((

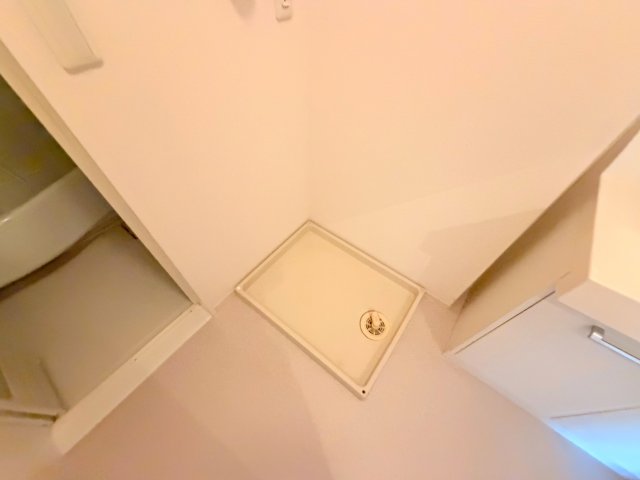 その他設備　嬉しい室内洗濯機置場。これで洗濯機も長持ちしますね。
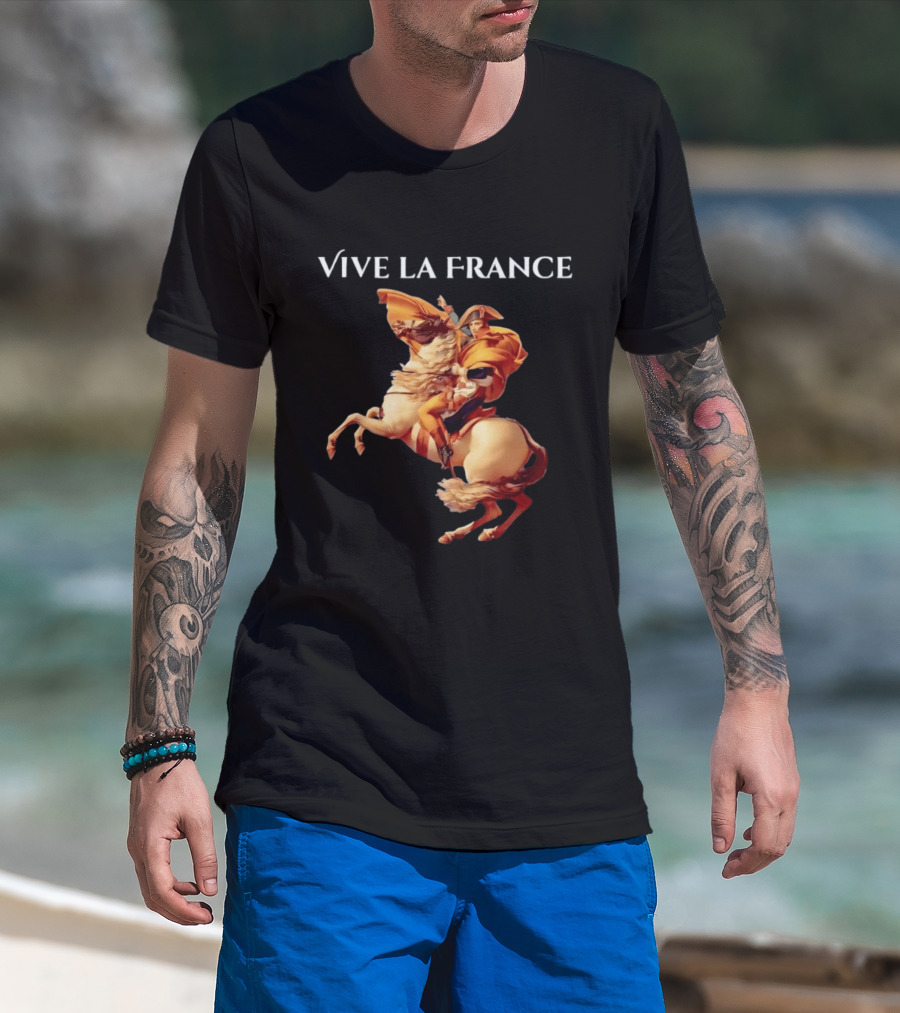 Vive La France Napoleon Bonaparte Riding Horse Iconic French History T-Shirt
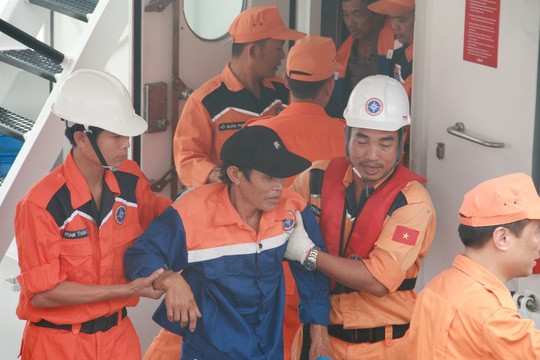 2 năm: hơn 4.000 tàu cá, hơn 2.300 ngư dân Việt thương vong, mất tích trên biển* ảnh 1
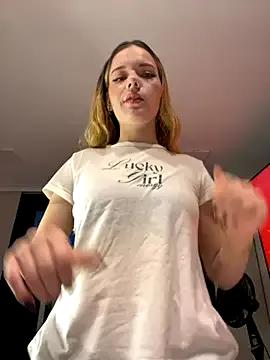 Private NicoleCut on StripChat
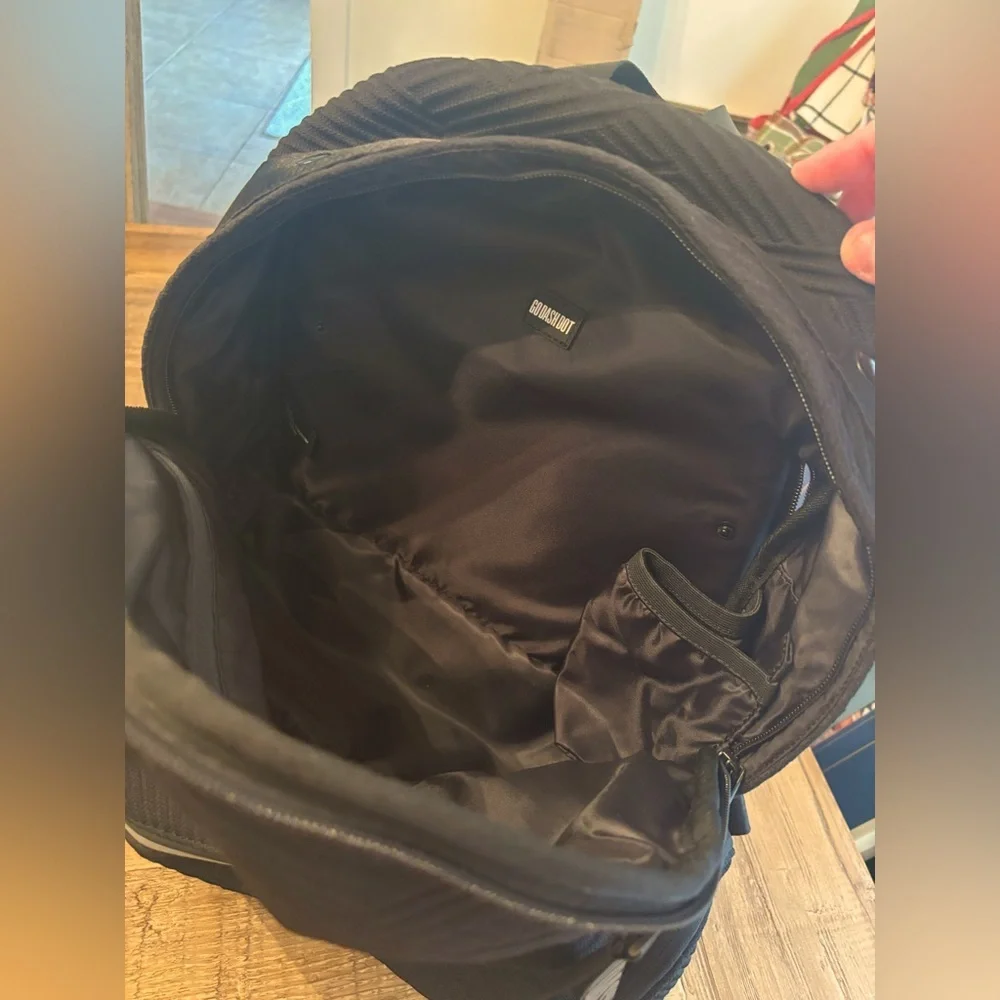 4 Piece Go Dash Dot Set | Backpack. Crossbody Bag & 2 Additional bags. 13.3”H - Picture 4 of 15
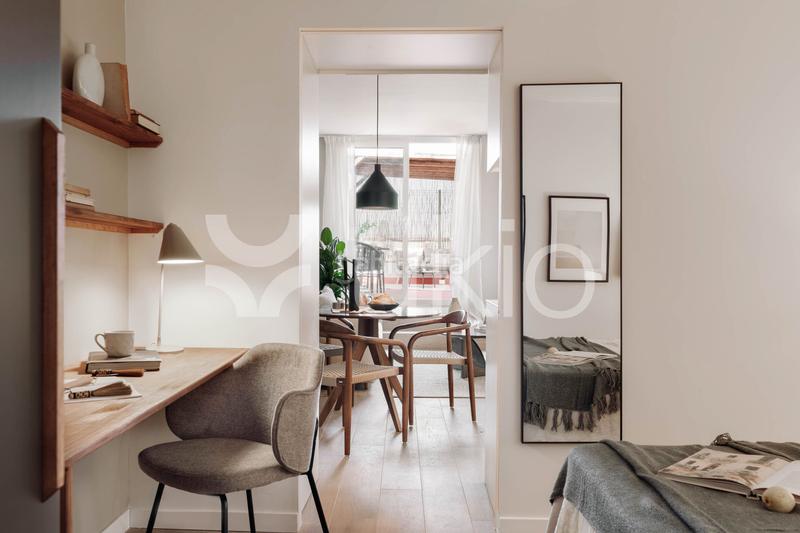 Foto 69a6edef-c8fa-46b4-8dce-a8a3ba150f25. Alquiler ático  de 1 dormitorio con terraza en eixample dreta en Barcelona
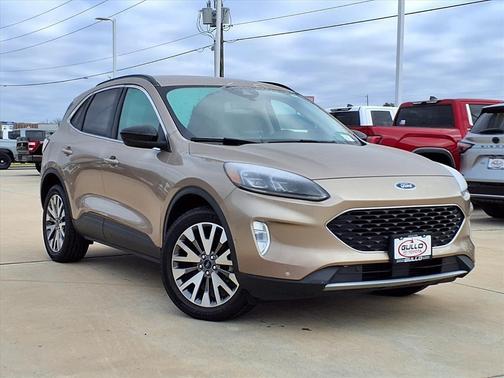 2021 Ford Escape Titanium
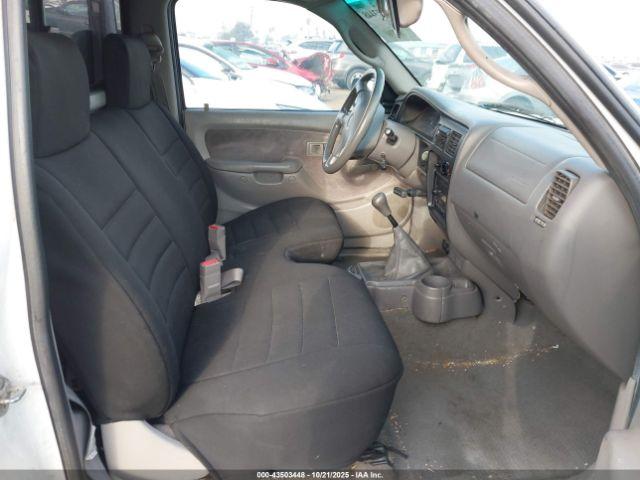 Toyota Tacoma Image 12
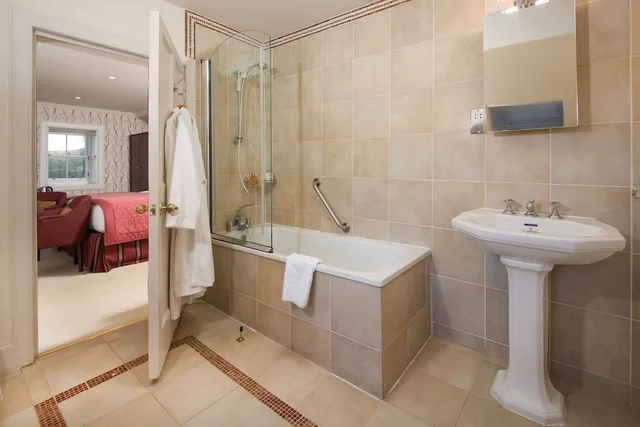 غرفة فاخرة بسرير كينج، Cringletie House Hotel 7/9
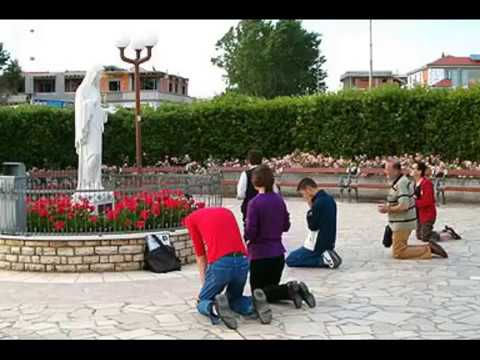 A Bíblia, em nenhum lugar, nos instrui para que reverenciemos, oremos, confiemos ou 'idolatremos' qualquer um que não seja ao próprio e exclusivo Deus - Imagem: Reprodução Google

))

(ABOUT THIS TASK) Your answer should be the exact lines above from the one containing "2 năm: hơn 4.000" through the one containing "Toyota Tacoma Image 12", with both end lines kept and the pictures removed, please.

(EXERCISE OUTPUT)
 2 năm: hơn 4.000 tàu cá, hơn 2.300 ngư dân Việt thương vong, mất tích trên biển* ảnh 1
 Private NicoleCut on StripChat
 4 Piece Go Dash Dot Set | Backpack. Crossbody Bag & 2 Additional bags. 13.3”H - Picture 4 of 15
 Foto 69a6edef-c8fa-46b4-8dce-a8a3ba150f25. Alquiler ático  de 1 dormitorio con terraza en eixample dreta en Barcelona
 2021 Ford Escape Titanium
 Toyota Tacoma Image 12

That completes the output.